* [Aim of the exercise]: Could you return the full listing below exactly as it appears?

* [Dataset extract]:
>>>

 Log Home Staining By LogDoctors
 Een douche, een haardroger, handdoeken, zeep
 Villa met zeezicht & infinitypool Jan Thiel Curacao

<<<

* [Response below]:
 Log Home Staining By LogDoctors
 Een douche, een haardroger, handdoeken, zeep
 Villa met zeezicht & infinitypool Jan Thiel Curacao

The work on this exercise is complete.